**Goal of the exercise**
An exact reproduction of the records is required, with all pictures omitted.

Captioned web images
-=-=-=-=-
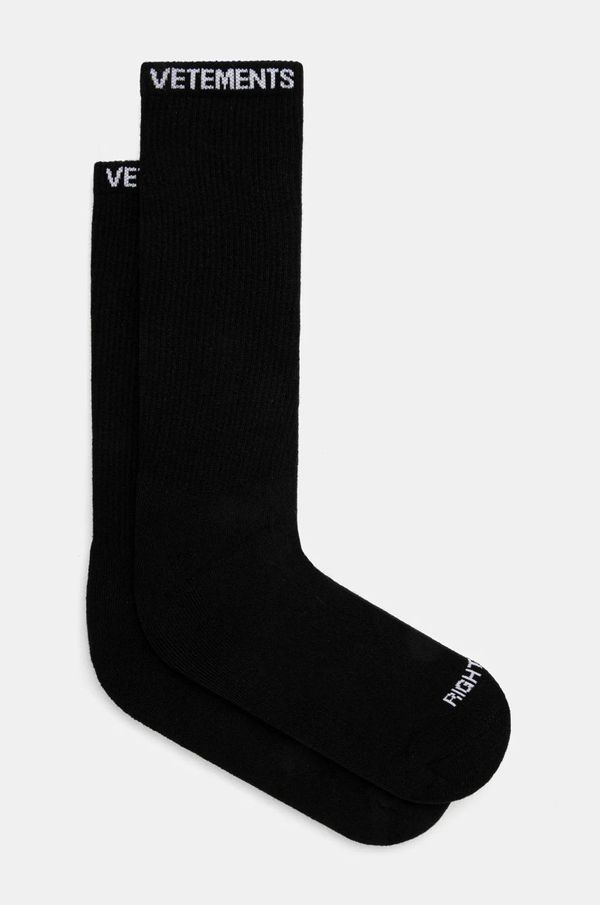 Vetements Čarape VETEMENTS Logo boja: crna, UA66SO100B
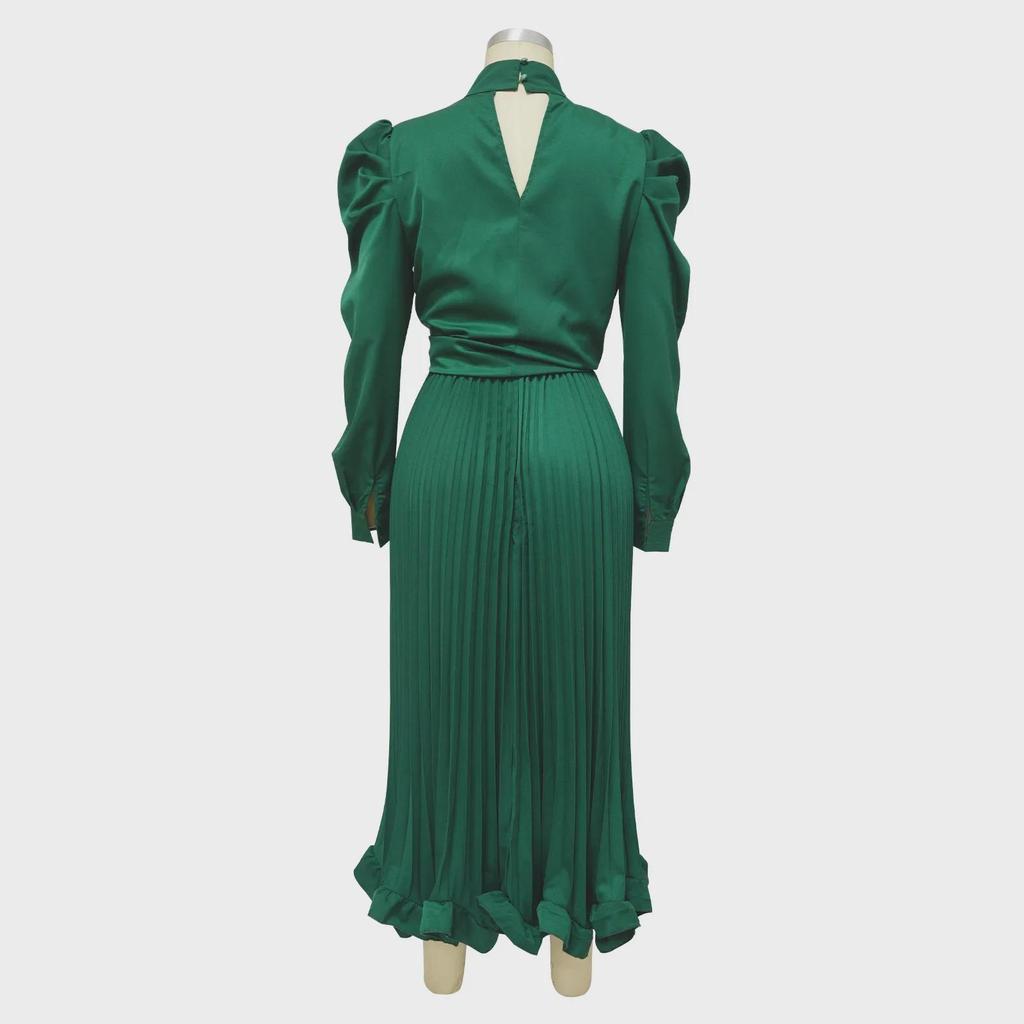 Autumn European & American Puff Sleeve Top with Ruffled Pleated Skirt Set.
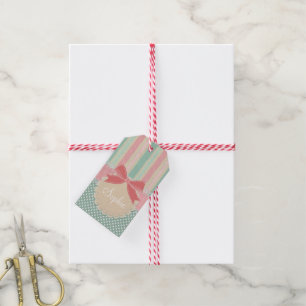 Cute Pastel Polka Dot & Stripes Design Gift Tags
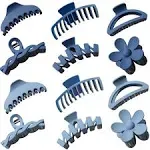 12 Pcs Claw Clips Multi-Shapes Hair Clips for Women Girls Non-Slip Large Jaw ...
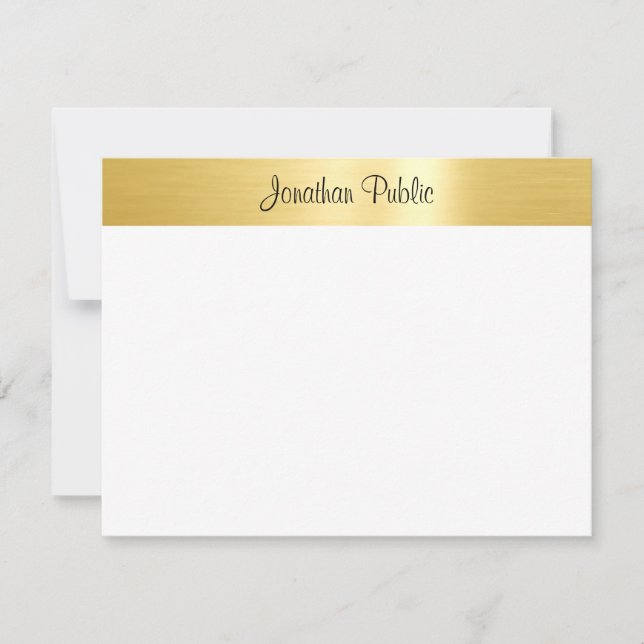 Glamour Gold Template Handwritten Script Name (Front)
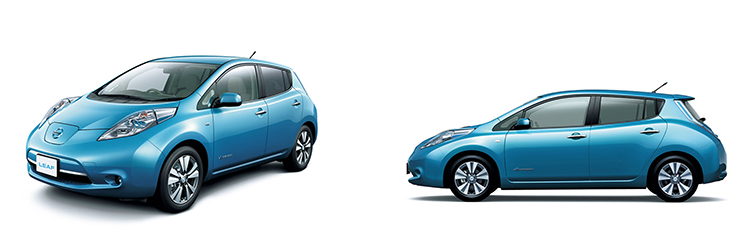 Two images of a blue Nissan LEAF
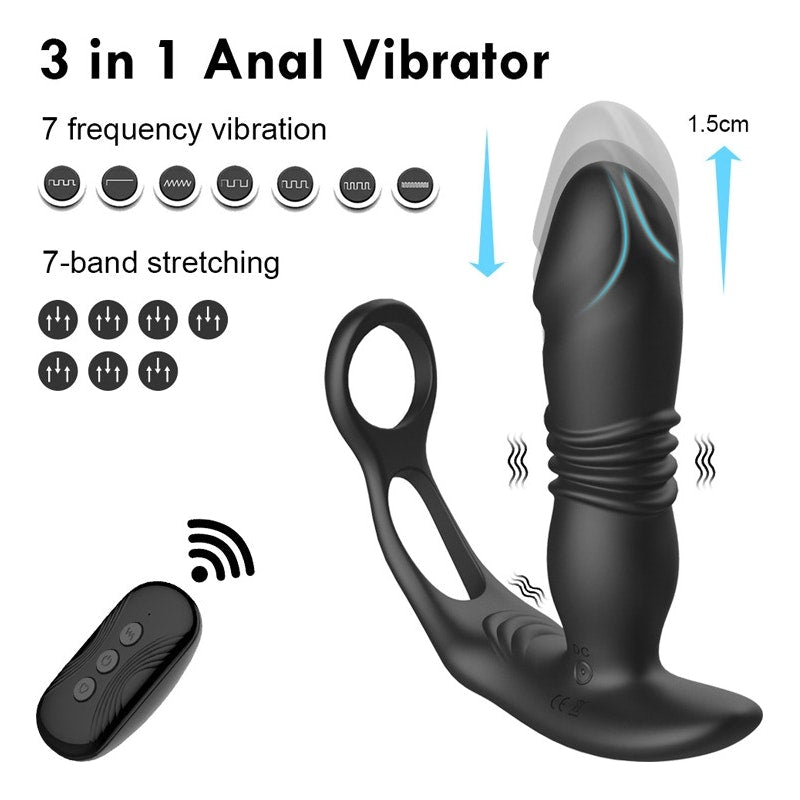 X-MEN Thrusting Silicone Butt Plug with Cockring and Remote, Black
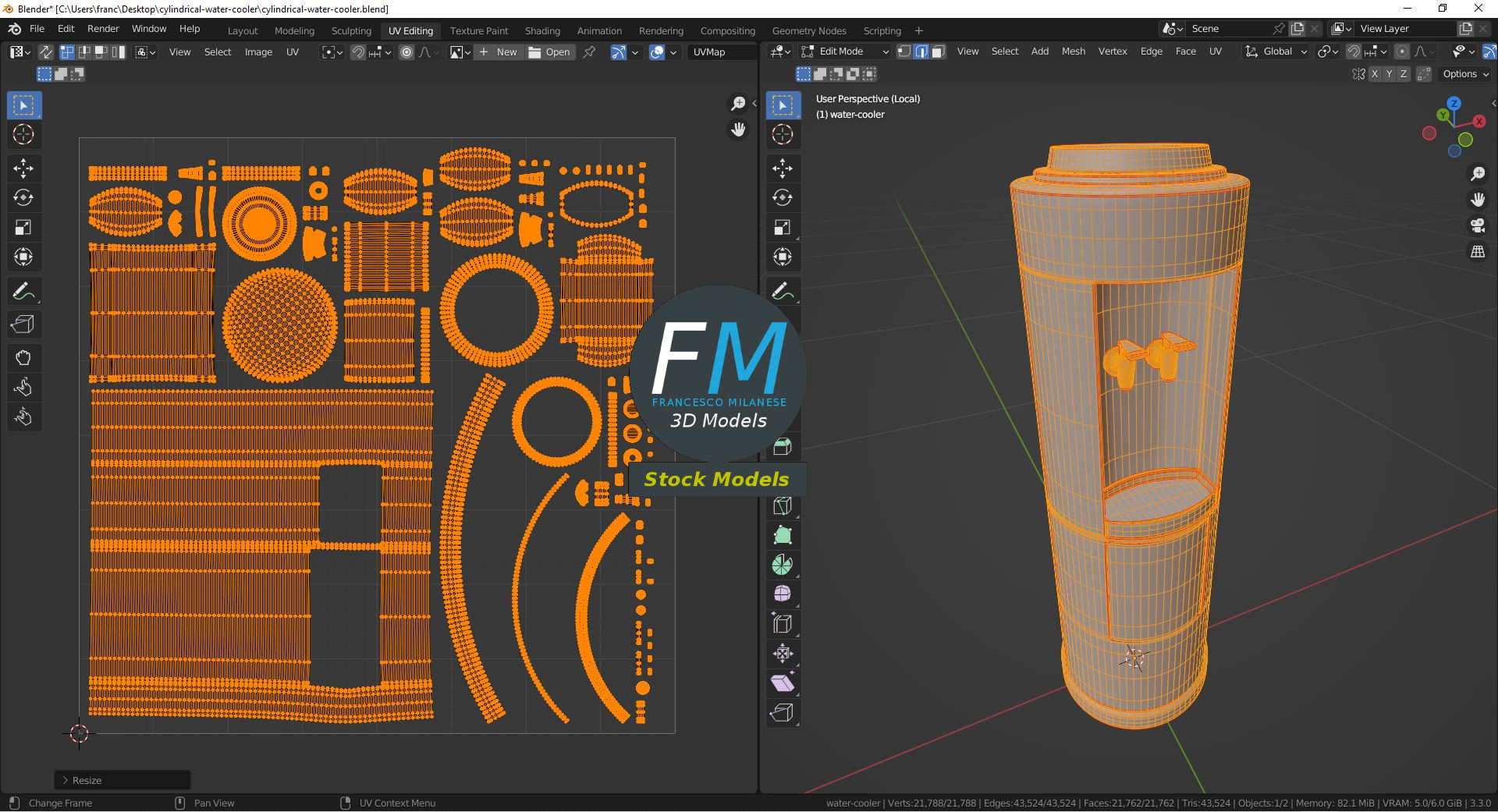3D-Modell - Zylindrischer Wasserspender mit Wasserflasche - 10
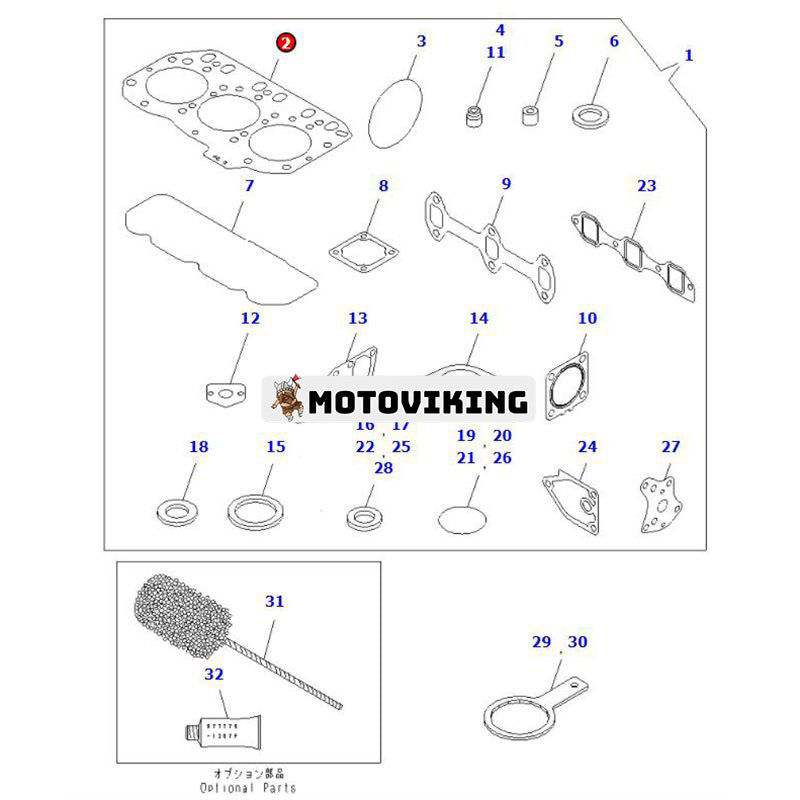 Cylinderhuvudspackning YM119812-01330 för Komatsu Engine 3D80-1 3D82AE-3E Grävmaskin PC27MR-2 PC27R-8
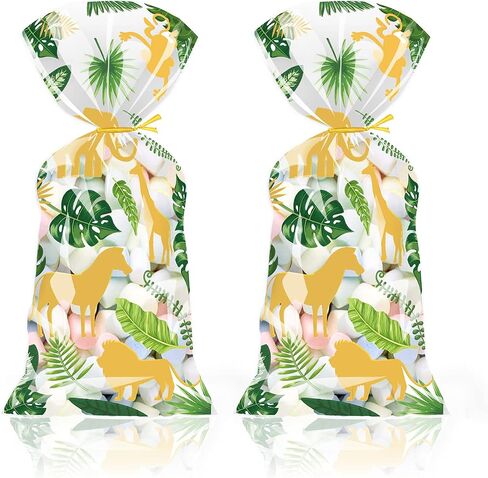 UEMIS 60Pack Jungle Animal Cellophane Treat Bags, Green Gold Safari Animal Palm Leaves Plastic Candy Goodie Bags with Gold Twist Ties for Wedding Wild One Safari Baby Shower Birthday Party Favors (Jungle Animals) in Saudi Arabia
-=-=-=-=-
**Exercise answer**
 Vetements Čarape VETEMENTS Logo boja: crna, UA66SO100B
 Autumn European & American Puff Sleeve Top with Ruffled Pleated Skirt Set.
 Cute Pastel Polka Dot & Stripes Design Gift Tags
 12 Pcs Claw Clips Multi-Shapes Hair Clips for Women Girls Non-Slip Large Jaw ...
 Glamour Gold Template Handwritten Script Name (Front)
 Two images of a blue Nissan LEAF
 X-MEN Thrusting Silicone Butt Plug with Cockring and Remote, Black
3D-Modell - Zylindrischer Wasserspender mit Wasserflasche - 10
 Cylinderhuvudspackning YM119812-01330 för Komatsu Engine 3D80-1 3D82AE-3E Grävmaskin PC27MR-2 PC27R-8
 UEMIS 60Pack Jungle Animal Cellophane Treat Bags, Green Gold Safari Animal Palm Leaves Plastic Candy Goodie Bags with Gold Twist Ties for Wedding Wild One Safari Baby Shower Birthday Party Favors (Jungle Animals) in Saudi Arabia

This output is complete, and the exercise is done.